DIRECTIONS: Only the lines from the line containing "Neerus Maroon rayon" through the final line of the entries should be printed, exactly as given, with the pictures left out.
◇ ◇ ◇ ◇
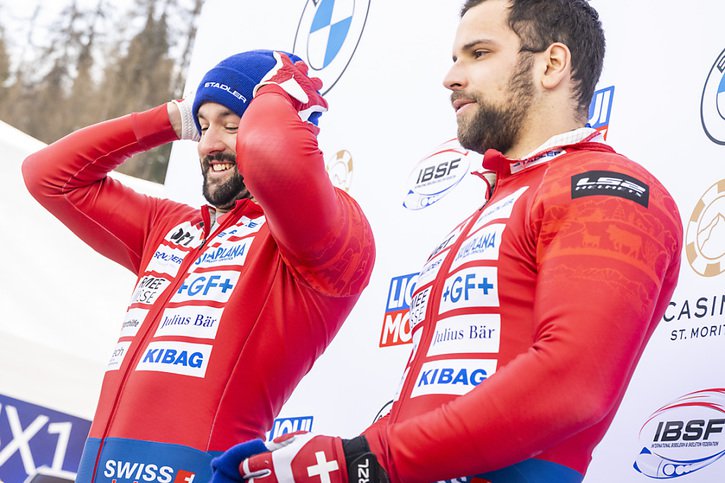 Michael Vogt (à gauche) et Sandro Michel se sont parés de bronze dimanche à St-Moritz © KEYSTONE/MAYK WENDT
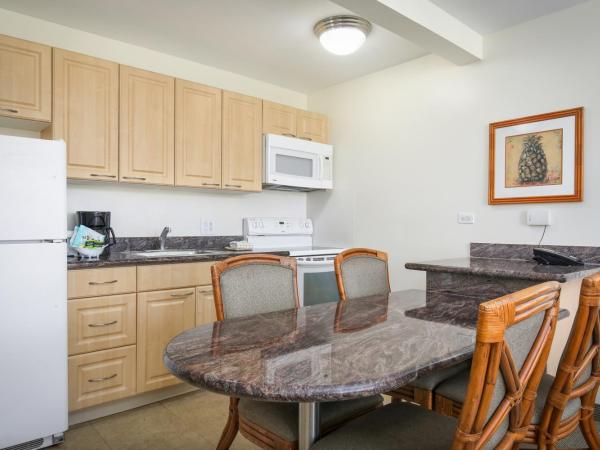 Aston Waikiki Sunset : photo 5 de la chambre suite 1 chambre avec vue sur montagne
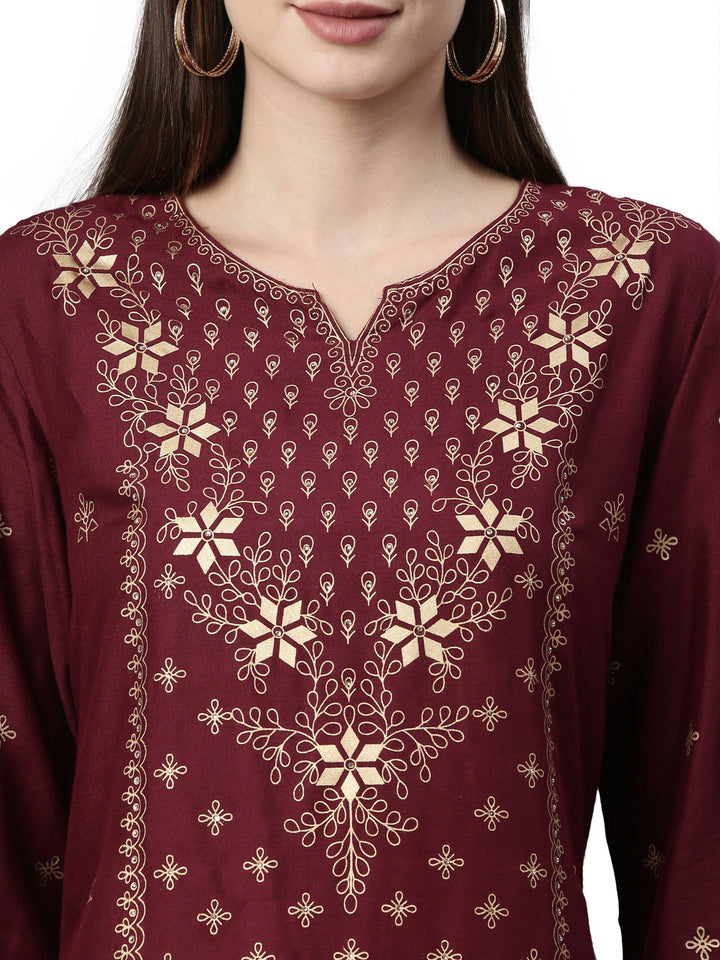 Neerus Maroon rayon straight kurta - back view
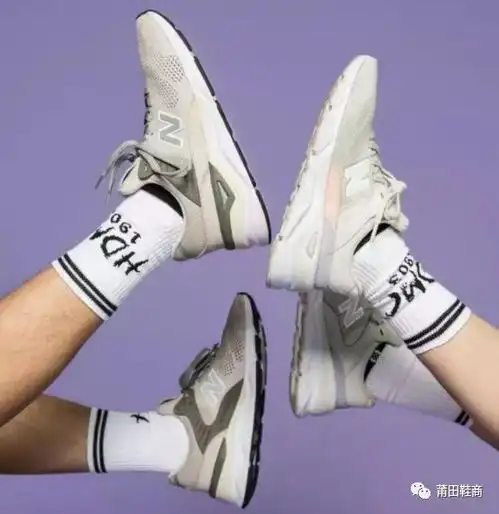 别再送贵的要死的aj1了,这才是选情侣鞋的正确姿势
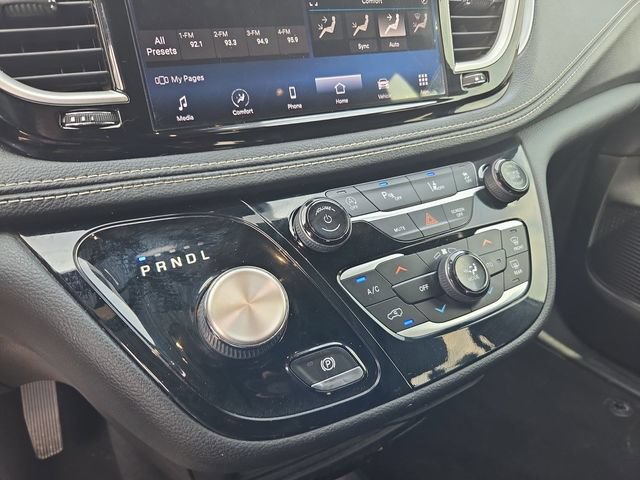 Thumbnail: 2021 Chrysler Pacifica - 27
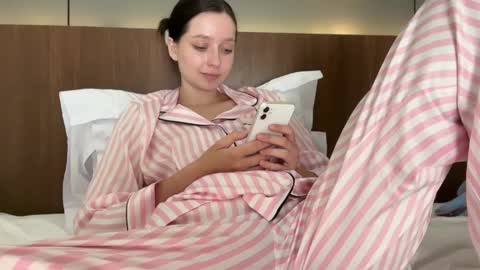 Trisha     online show from December 9, 2024, 11:47 am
◇ ◇ ◇ ◇
RESPONSE TO THIS TASK:
 Neerus Maroon rayon straight kurta - back view
 别再送贵的要死的aj1了,这才是选情侣鞋的正确姿势
 Thumbnail: 2021 Chrysler Pacifica - 27
 Trisha     online show from December 9, 2024, 11:47 am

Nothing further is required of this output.